Les allégations ont été publiées comme s'il s'agissait de faits par des médias comme le Tacoma Times et le Boise Statesman, ainsi que le Chicago Times, devenu le Sun-Times l'année suivante, qui a repris l'histoire.

Bien sûr, le FBI a déclaré que toute l'affaire était un canular dans le but d'attirer l'attention. Les agents ont écrit qu'il n'y avait aucun fragment dans l'avion. Selon eux, un problème mécanique a causé l'écrasement de l'appareil.

Des années plus tard, Dahl a avoué qu'il avait menti. Dans un livre publié dans les années 60, The Paranormal and the Paranoid: Conspiratorial Science Fiction Television, Aaron Gulyas a écrit que Harold Dahl pense que de nombreux éléments de l'émission The Invaders ressemblent beaucoup à la vie et aux histoires de Crisman.
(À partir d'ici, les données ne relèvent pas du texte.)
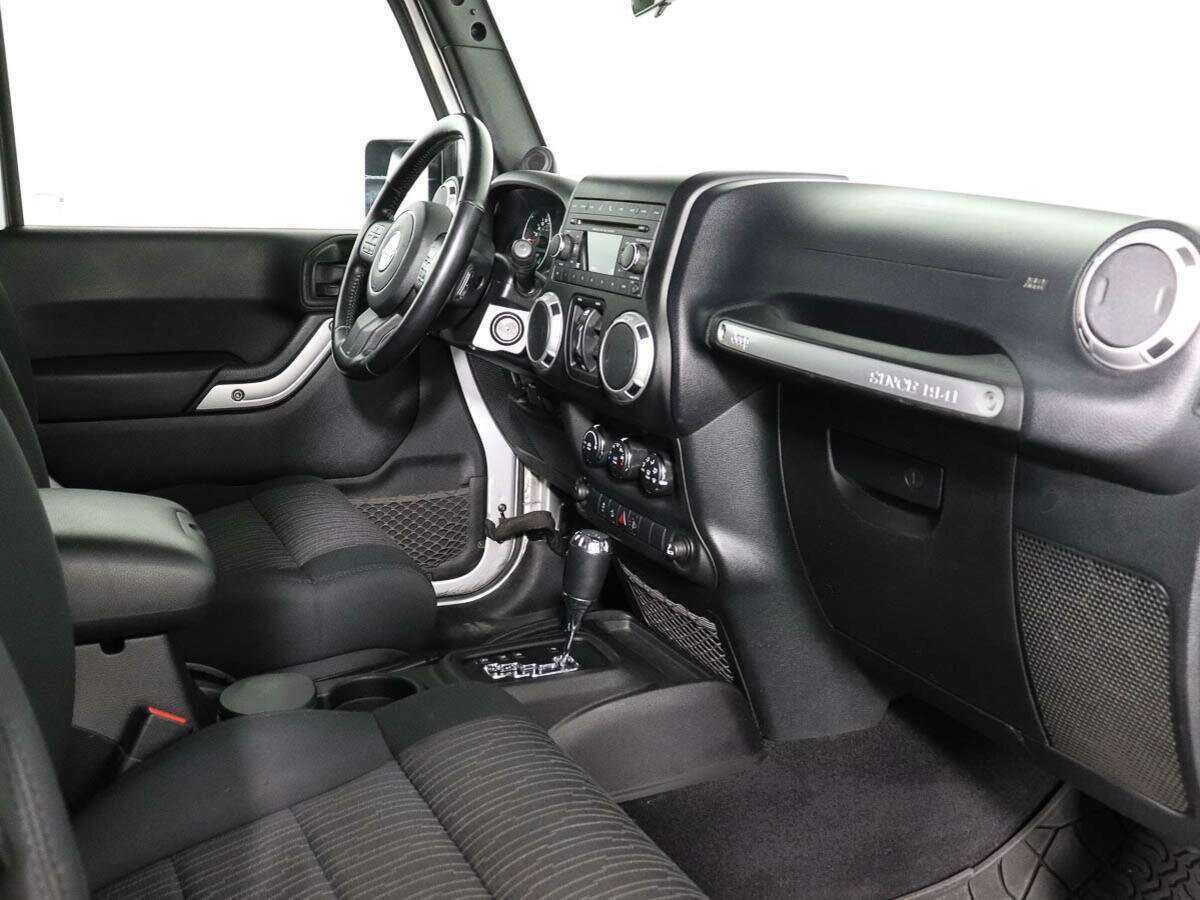 Купить Jeep Wrangler, 2011, 98 835 км, фото №7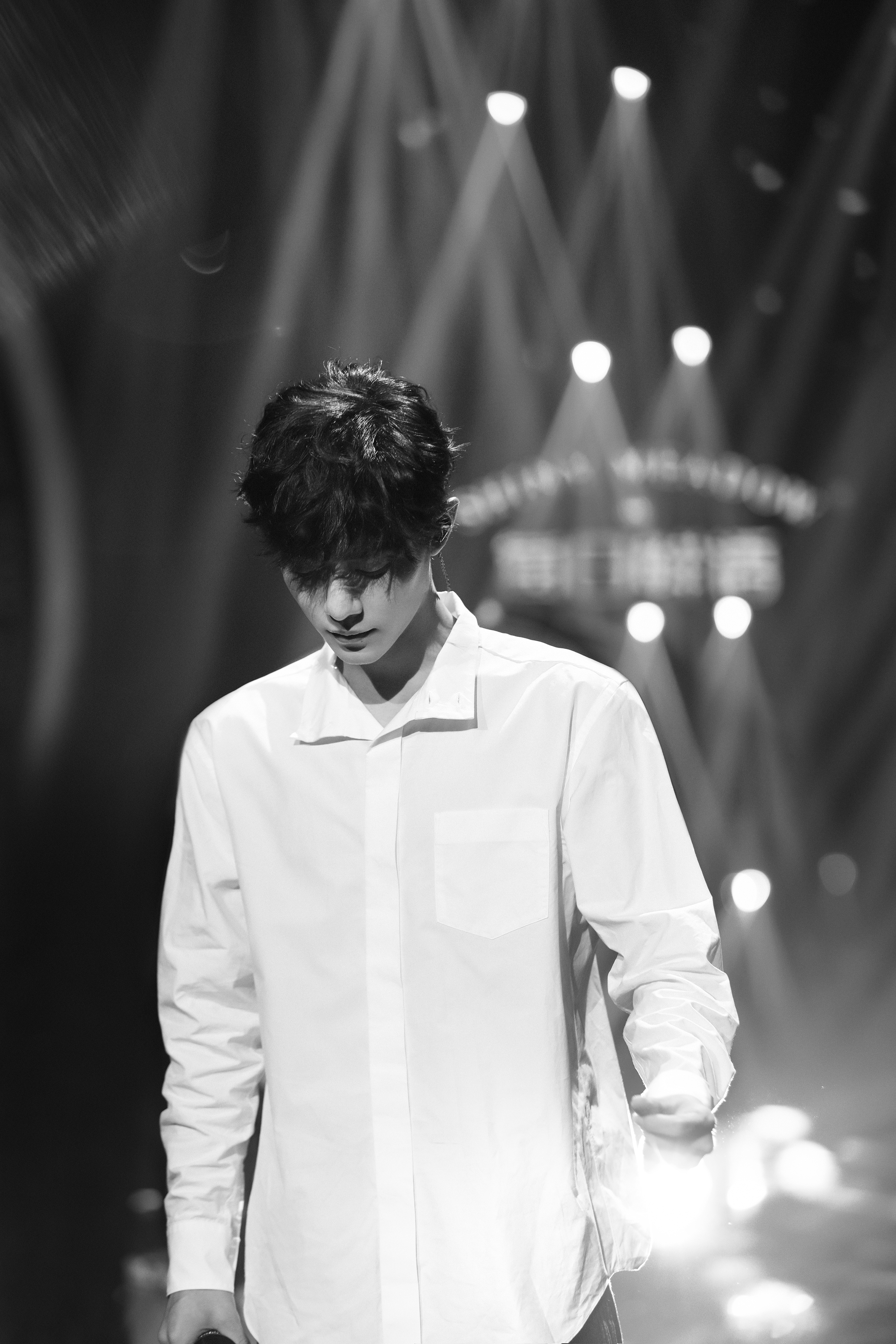 从227事件到肖战热搜浅谈如何理智追星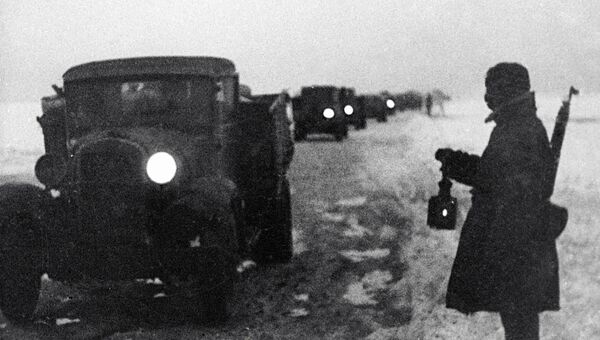 Дорога жизни в блокадный Ленинград. Кадр из фильма Романа Кармена Блокада Ленинграда Дорога жизни в блокадный Ленинград. Кадр из фильма Романа Кармена Блокада Ленинграда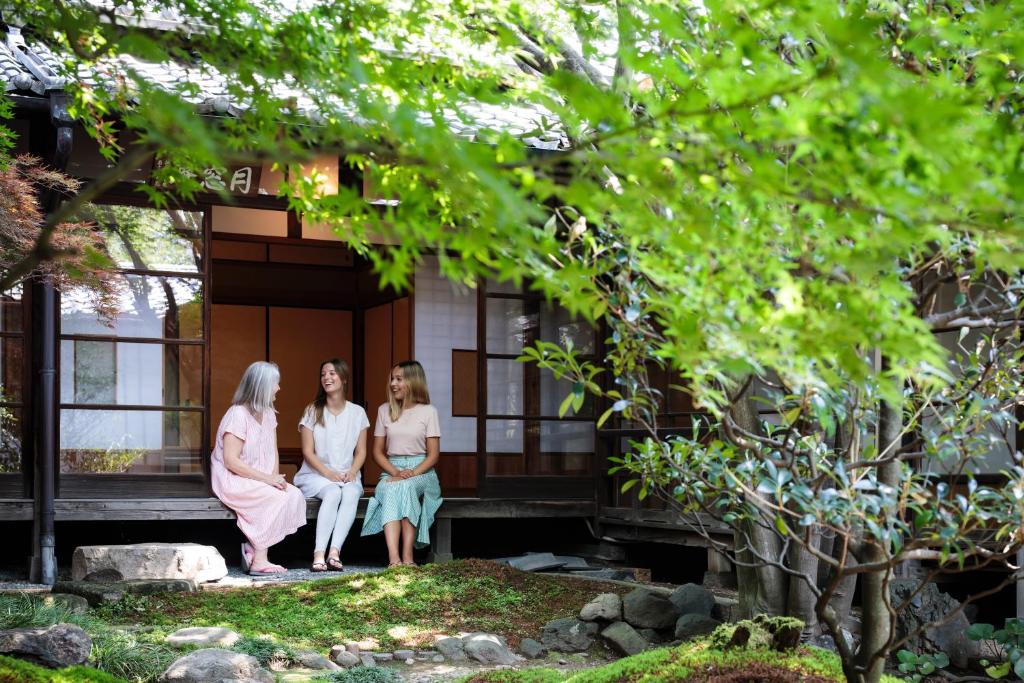 入住宿坊 観音院 Temple Hotel Kannonin的旅客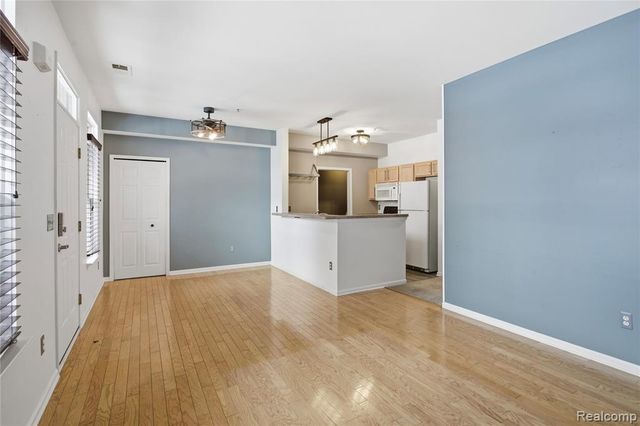 526 Red Oak Court, Walled Lake, MI 48390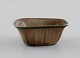 Gunnar Nylund (1904-1997) for Rörstrand. Bowl in glazed ceramics. Beautiful 
glaze in light earth tones. Mid-20th century.
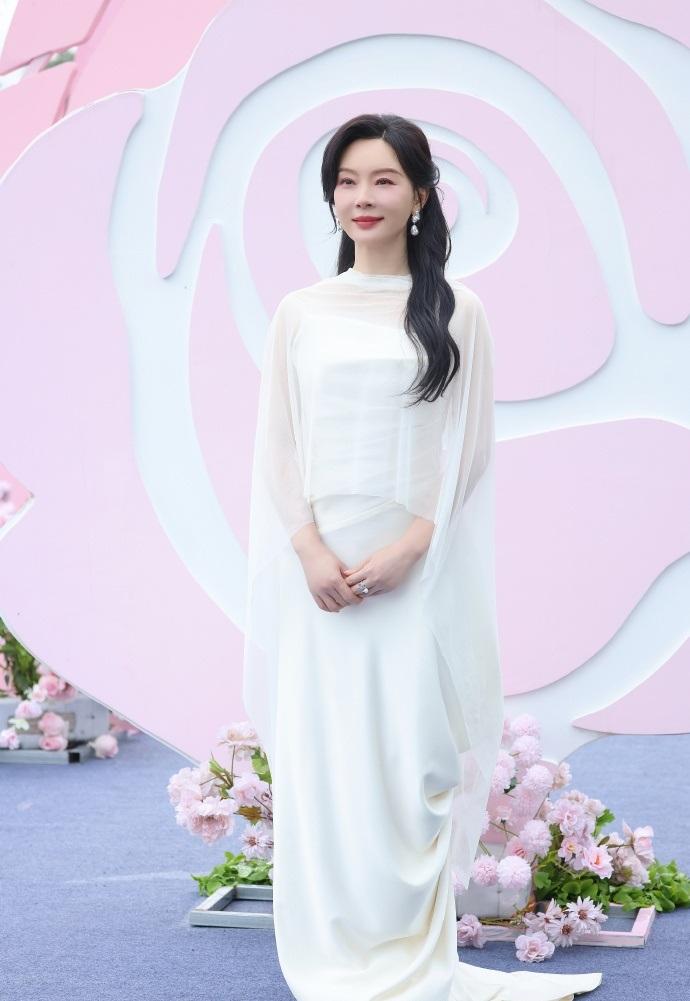 最近陈数在出席活动的时候搭配的像个迷人的仙女，看上去很有飘逸之美。

陈数上身穿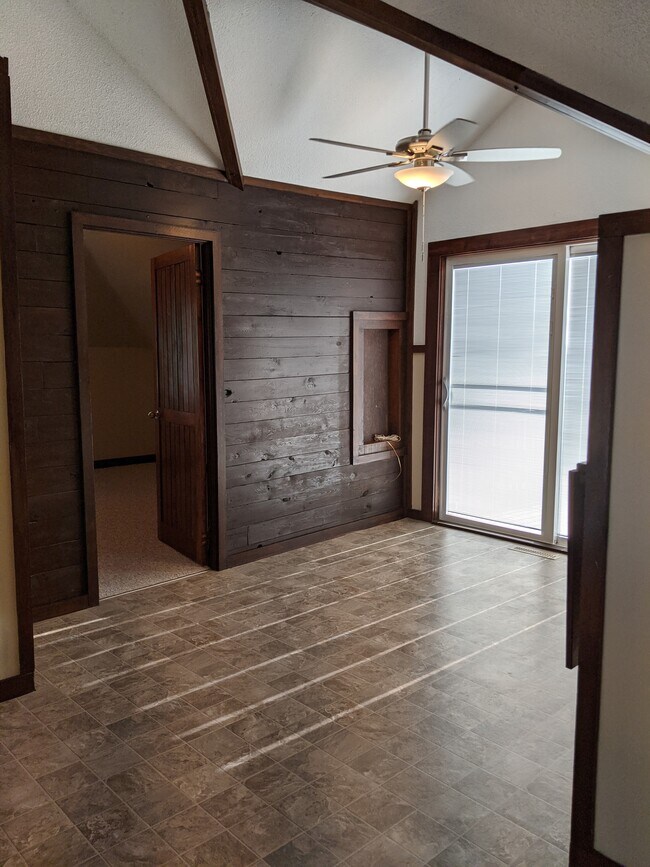 1407 Green Bay St, La Crosse, WI 54601 Townhome Rentals in La Crosse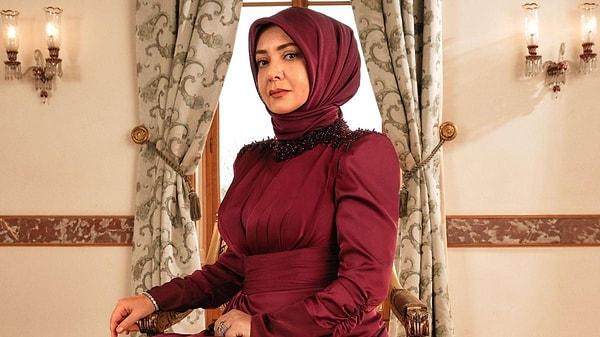 2 sezondur ekranlarda fırtınalar estiren Kızılcık Şerbeti'nin evlerden ırak annesi Pembe, Sibel Taşçıoğlu'nun enfes performansıyla her bölüm daha da yüceliyor.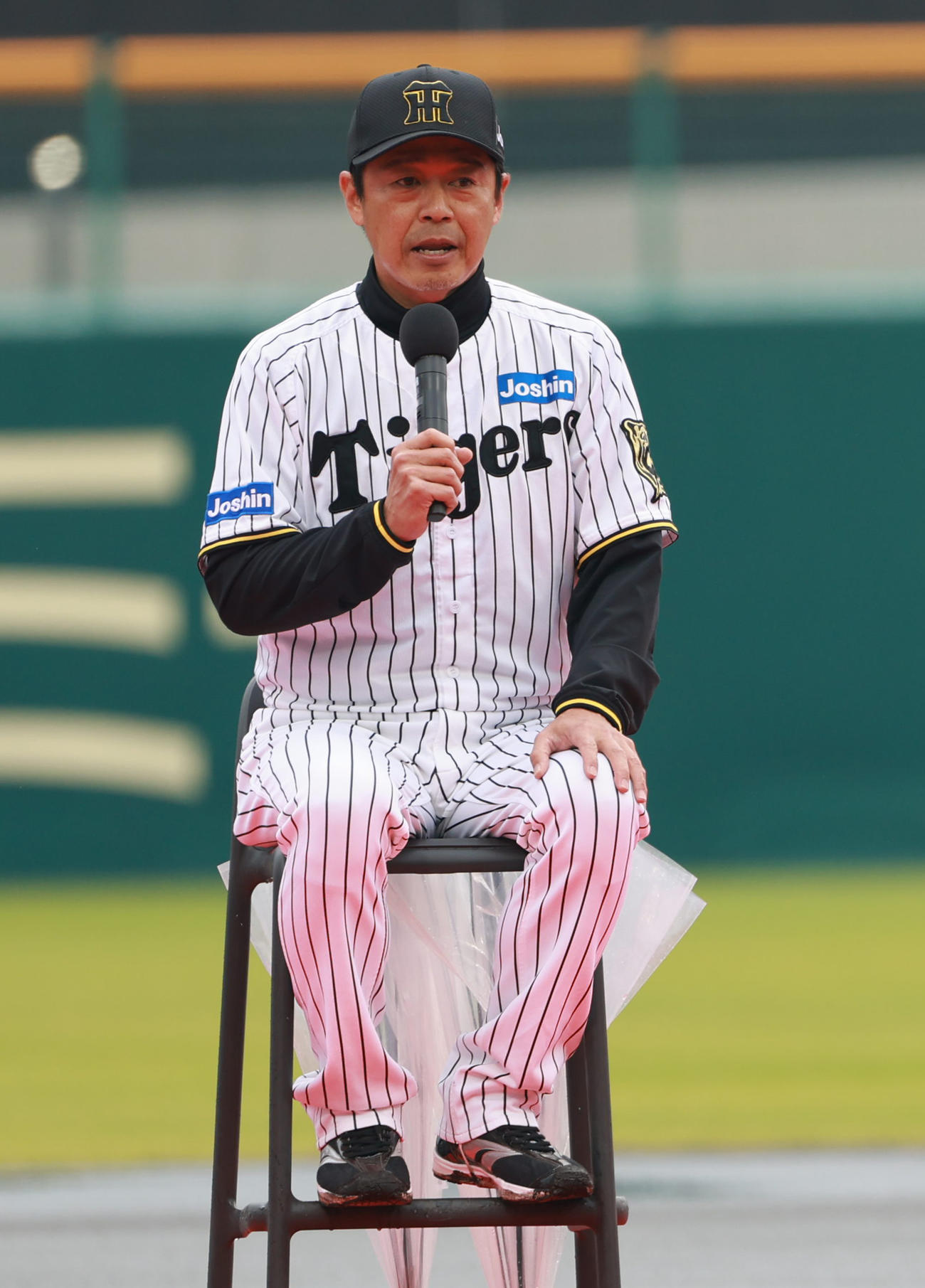 トークショーに参加する藤本総合コーチ（撮影・上田博志）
Le FBI a conclu que la motivation derrière ce canular était toute simple. Il n'y a pas eu d'ovni ni de conspiration gouvernementale. C'était pour l'argent. L'enquête a permis de découvrir que Crisman et Dahl ont cherché à obtenir de l'argent des médias qui ont publié leur récit. Une motivation différente de l'actuel problème de fausses nouvelles, publiées avec l'intention de manipuler les médias de masse.

En fin de compte, la hausse de la couverture médiatique des activités paranormales a eu du bon. Les mêmes médias spécialisés dans les activités paranormales ont par la suite été reconnus pour leur scepticisme. Le magazine Fate a notamment prouvé que des histoires de phénomènes surnaturels sur lesquels il a enquêté étaient fausses.

On ne peut que souhaiter voir ce degré de scepticisme dans tous les médias.